▶ [TASK DIRECTIONS]: Make an exact copy of the records below, excluding images.

▶ [WORKING DATA]:
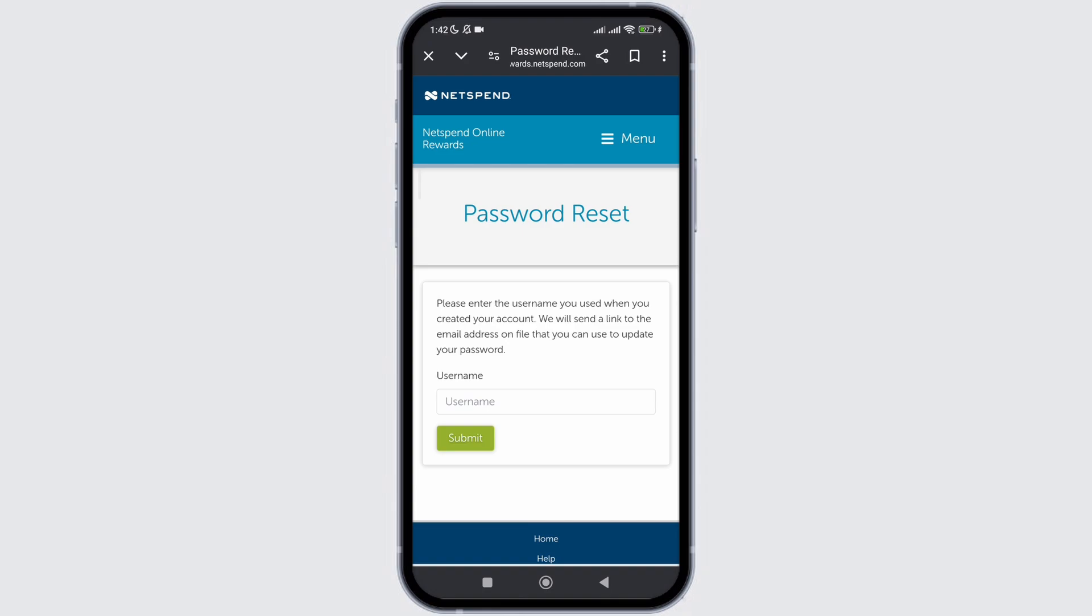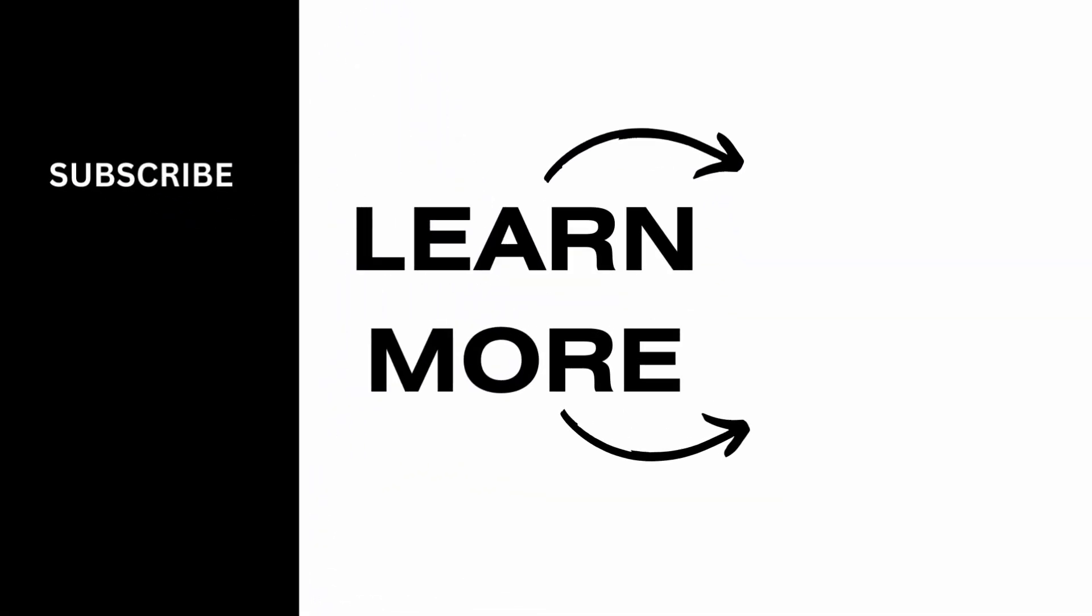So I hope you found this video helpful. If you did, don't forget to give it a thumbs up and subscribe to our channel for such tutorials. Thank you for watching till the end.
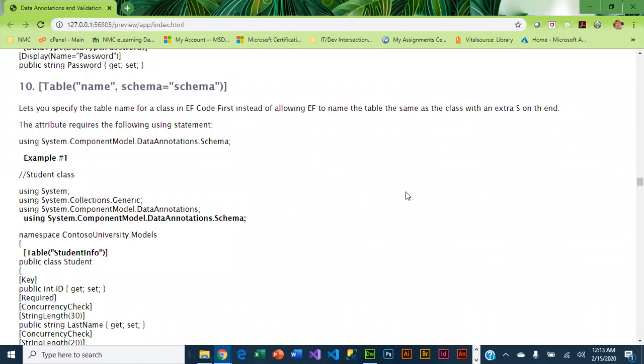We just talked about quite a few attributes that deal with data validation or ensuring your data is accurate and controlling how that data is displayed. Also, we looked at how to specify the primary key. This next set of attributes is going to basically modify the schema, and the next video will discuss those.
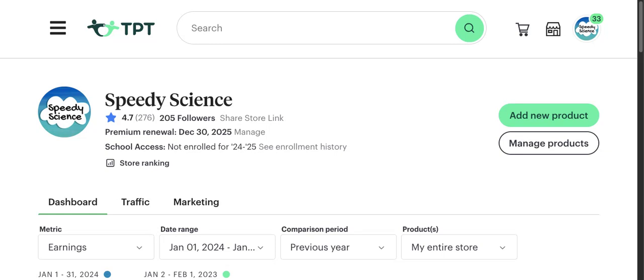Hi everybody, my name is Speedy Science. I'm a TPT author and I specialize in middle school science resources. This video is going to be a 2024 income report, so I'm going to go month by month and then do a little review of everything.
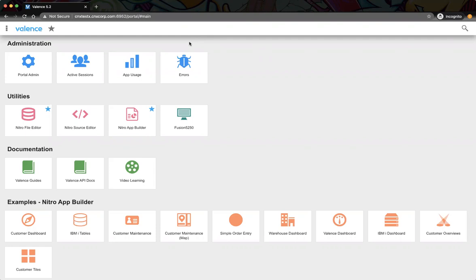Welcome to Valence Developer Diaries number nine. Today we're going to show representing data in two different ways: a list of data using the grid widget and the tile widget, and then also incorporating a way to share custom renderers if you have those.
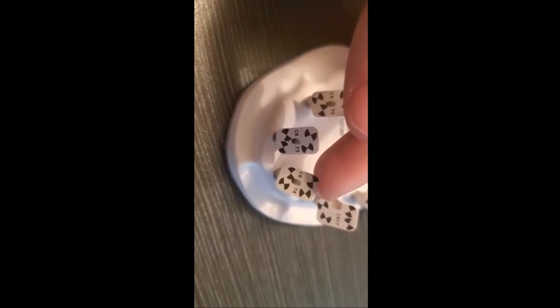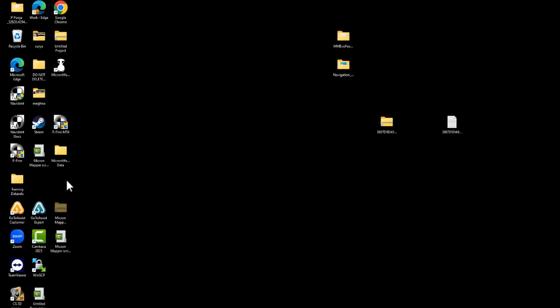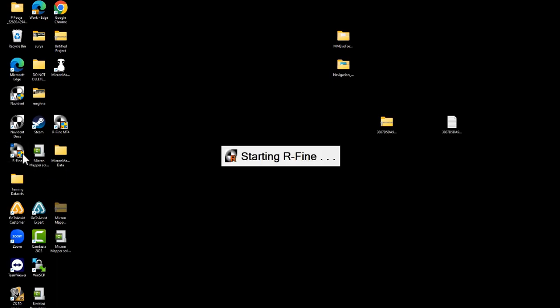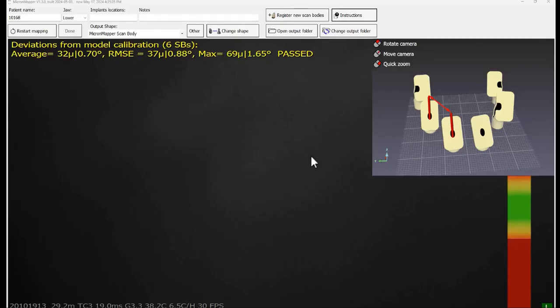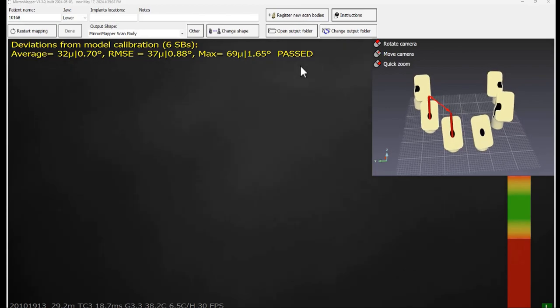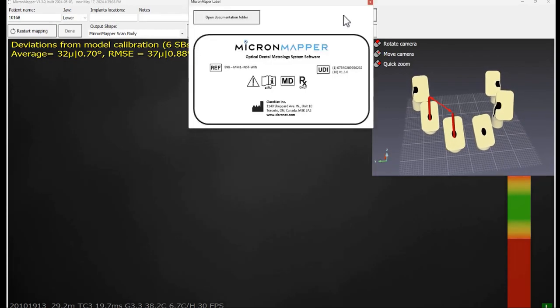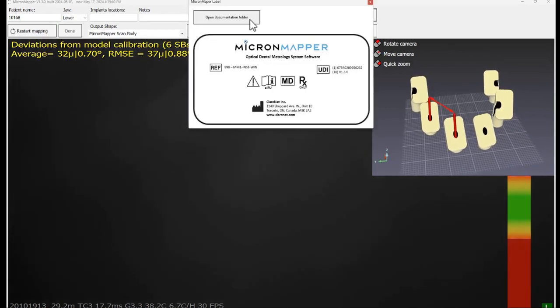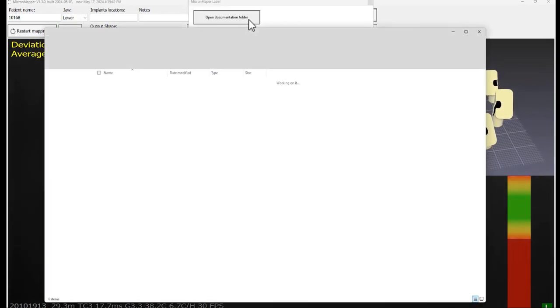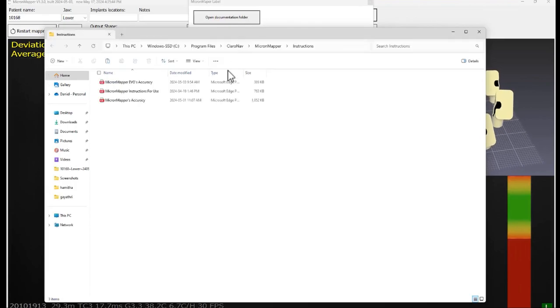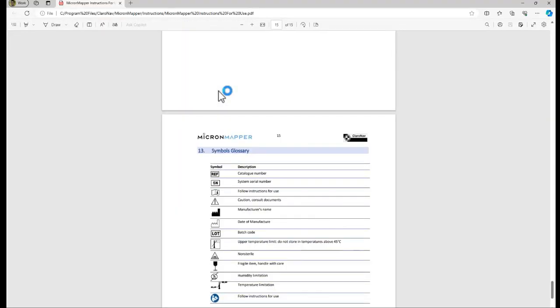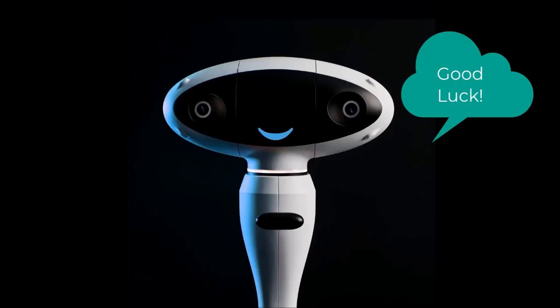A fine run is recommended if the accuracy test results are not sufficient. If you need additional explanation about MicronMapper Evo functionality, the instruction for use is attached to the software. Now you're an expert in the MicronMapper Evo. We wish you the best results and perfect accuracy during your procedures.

▶ [SOLUTION FOR THIS PROBLEM]:
So I hope you found this video helpful. If you did, don't forget to give it a thumbs up and subscribe to our channel for such tutorials. Thank you for watching till the end.
We just talked about quite a few attributes that deal with data validation or ensuring your data is accurate and controlling how that data is displayed. Also, we looked at how to specify the primary key. This next set of attributes is going to basically modify the schema, and the next video will discuss those.
Hi everybody, my name is Speedy Science. I'm a TPT author and I specialize in middle school science resources. This video is going to be a 2024 income report, so I'm going to go month by month and then do a little review of everything.
Welcome to Valence Developer Diaries number nine. Today we're going to show representing data in two different ways: a list of data using the grid widget and the tile widget, and then also incorporating a way to share custom renderers if you have those.
A fine run is recommended if the accuracy test results are not sufficient. If you need additional explanation about MicronMapper Evo functionality, the instruction for use is attached to the software. Now you're an expert in the MicronMapper Evo. We wish you the best results and perfect accuracy during your procedures.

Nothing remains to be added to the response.